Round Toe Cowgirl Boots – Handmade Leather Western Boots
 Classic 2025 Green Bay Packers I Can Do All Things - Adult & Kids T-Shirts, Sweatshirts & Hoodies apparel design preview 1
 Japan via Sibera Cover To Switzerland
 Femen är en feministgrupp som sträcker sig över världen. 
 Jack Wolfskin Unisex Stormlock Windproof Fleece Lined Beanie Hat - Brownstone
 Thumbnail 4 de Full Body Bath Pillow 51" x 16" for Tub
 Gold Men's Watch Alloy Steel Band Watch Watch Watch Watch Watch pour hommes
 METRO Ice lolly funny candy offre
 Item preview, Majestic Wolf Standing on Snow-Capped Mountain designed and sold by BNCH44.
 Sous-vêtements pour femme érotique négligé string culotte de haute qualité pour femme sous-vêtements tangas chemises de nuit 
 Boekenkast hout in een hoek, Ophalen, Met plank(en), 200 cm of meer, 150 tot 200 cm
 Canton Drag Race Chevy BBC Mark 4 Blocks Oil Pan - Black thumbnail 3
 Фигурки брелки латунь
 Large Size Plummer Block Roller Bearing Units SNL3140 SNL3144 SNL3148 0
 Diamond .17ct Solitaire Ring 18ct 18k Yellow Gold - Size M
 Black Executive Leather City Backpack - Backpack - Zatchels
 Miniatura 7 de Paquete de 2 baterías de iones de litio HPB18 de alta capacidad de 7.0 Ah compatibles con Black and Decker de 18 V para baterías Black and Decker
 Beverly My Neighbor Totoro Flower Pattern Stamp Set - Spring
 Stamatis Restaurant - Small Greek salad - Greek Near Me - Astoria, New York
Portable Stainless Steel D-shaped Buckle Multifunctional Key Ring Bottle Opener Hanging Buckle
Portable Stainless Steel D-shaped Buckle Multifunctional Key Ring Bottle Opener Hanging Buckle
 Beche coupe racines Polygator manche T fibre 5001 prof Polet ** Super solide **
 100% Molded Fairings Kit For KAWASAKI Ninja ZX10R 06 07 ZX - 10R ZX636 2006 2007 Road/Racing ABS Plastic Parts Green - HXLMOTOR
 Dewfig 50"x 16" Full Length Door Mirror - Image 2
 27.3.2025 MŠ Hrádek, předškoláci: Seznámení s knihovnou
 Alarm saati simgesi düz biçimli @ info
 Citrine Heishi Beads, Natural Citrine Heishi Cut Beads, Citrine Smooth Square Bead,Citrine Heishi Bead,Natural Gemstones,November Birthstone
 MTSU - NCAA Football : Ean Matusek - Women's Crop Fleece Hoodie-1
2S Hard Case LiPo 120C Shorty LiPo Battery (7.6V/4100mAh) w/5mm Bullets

----

Requirement:
Copy out, exactly as given, the line containing "Stamatis Restaurant - Small" together with every line after it in the material.

Reply to the exercise:
 Stamatis Restaurant - Small Greek salad - Greek Near Me - Astoria, New York
Portable Stainless Steel D-shaped Buckle Multifunctional Key Ring Bottle Opener Hanging Buckle
Portable Stainless Steel D-shaped Buckle Multifunctional Key Ring Bottle Opener Hanging Buckle
 Beche coupe racines Polygator manche T fibre 5001 prof Polet ** Super solide **
 100% Molded Fairings Kit For KAWASAKI Ninja ZX10R 06 07 ZX - 10R ZX636 2006 2007 Road/Racing ABS Plastic Parts Green - HXLMOTOR
 Dewfig 50"x 16" Full Length Door Mirror - Image 2
 27.3.2025 MŠ Hrádek, předškoláci: Seznámení s knihovnou
 Alarm saati simgesi düz biçimli @ info
 Citrine Heishi Beads, Natural Citrine Heishi Cut Beads, Citrine Smooth Square Bead,Citrine Heishi Bead,Natural Gemstones,November Birthstone
 MTSU - NCAA Football : Ean Matusek - Women's Crop Fleece Hoodie-1
2S Hard Case LiPo 120C Shorty LiPo Battery (7.6V/4100mAh) w/5mm Bullets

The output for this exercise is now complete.